My husband had another court date on Friday. At certain points since the last time we drove up to Gilpin County, it felt like this would be it. That his lawyer would have finished negotiations with the DA and both sides would be presenting the resolution. But most of the time, I know better than to put any hope for resolution within the legal system. I knew nothing would happen and nothing did. Another extension. Again. March 16th. Normal until then, or at least our new normal.
I am learning to put very little faith in the maybes about how everything will resolve from a legal standpoint. Every time I get a glimmer of hope it is blown away. I cannot leave room to dream for a positive outcome. It will be what it will be. I cannot control the outcome and I cannot control the process. I am just riding shotgun.
I had a few red flags pop up over the last couple of days and finally brought them to the attention of my husband yesterday afternoon, after court. I think I let them surface beyond small thoughts into a conversation partially because I was frustrated by another continuation. A realization that his addiction is not going away. Ever.
My husband is not allowed to be on the Internet at all while he is on probation. We have signed into his accounts together for necessities and we keep a log. Initially I password protected my computer but I have gotten lax about shutting it down every single night to restrict his access. I will now leave notes and recipes for dinner saved to the desktop in Word format for him to access before I get home from the office. On Wednesday, I realized an article I had open on Chrome had been scrolled down a bit to reflect the midpoint of the article rather than the top. I mentioned it at the time and he said “yeah I scrolled through that article.” Still no big deal. Then over the course of a few days I realized I had to reinitiate signing in to several of the pages I visit all the time. My stomach churned. Really it just boils down to a game of my doubt and his reassurance.
Standing outside of the courthouse yesterday his mom mentioned their meeting with his lawyer. Until that moment, waiting in the wind for the two of them to smoke their cigarettes and reflect on another court date that ended just like the last, I was under the presumption he went to see his lawyer alone. I have offered, several times, to go with him. For support and for my own reassurance that I get the full picture as its presented. So that I can understand the consequences and the chances. Tiny glimpses into my future that seem like wide open black space 99% of the time. I was hurt. I was hurt that I was not included and hurt that he didn’t mention it. What is he hiding? What does he not want me to know?

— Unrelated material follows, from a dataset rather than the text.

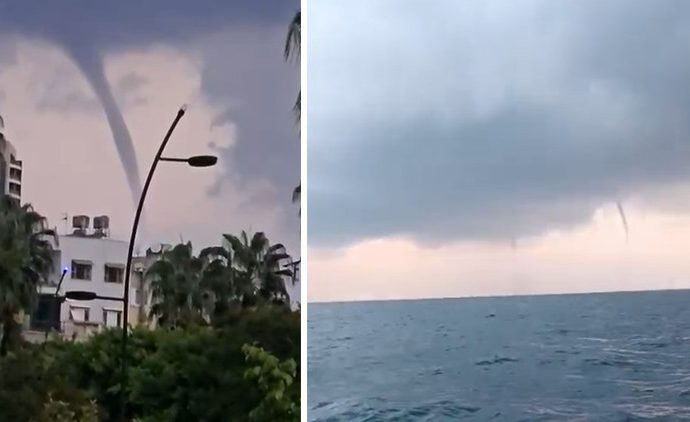 İskenderun’da denizde iki hortum görüntülendi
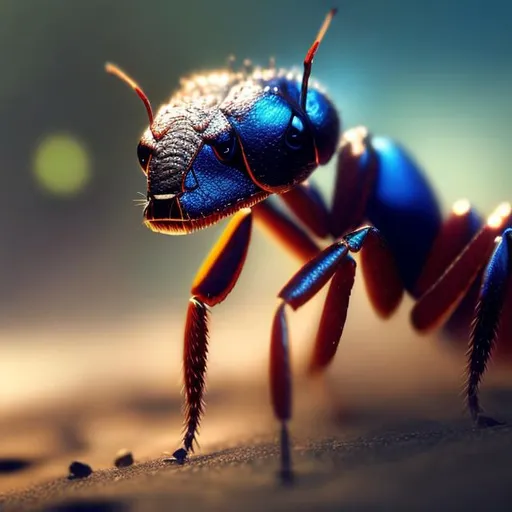 Prompt: intense gaze, powerful stance, vibrant colors, natural environment, photorealistic, 8k resolution, detailed texture, professional, realistic lighting, ant, high-quality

His days off work consist of working on himself. Working the program. Doing the homework required for his therapy. I took the rest of the day after court and worked from home. It seemed like a rare opportunity to share time at the kitchen table, me crunching numbers and him working his program. I came straight home and got an early start while he grabbed lunch with his mom. When he got to the house, he cuddled with the dog on the couch and fell asleep. For the entire afternoon. What is his therapy time commitment really like? How does he spend his days off work?
I am also assured that he takes care of our dog on days that his schedule allows. He is providing a bit of company, the window for exercise that our dog deserves. Friday the day floated by without his mention of taking the dog for a walk or out to the park.I asked a couple of times but it was “after this or let me just do this.” Ultimately I took him out while my husband slept. I was bitter, contemplating why exactly I had decided to take the rest of the day and spend it at home. What was my intention?
Tiny moments. Small things. A representation of things I have always brushed off. I cannot let myself continue down that path. I am not listening to myself. And yet I am still here. Allowing those things to happen. Just watching as they do.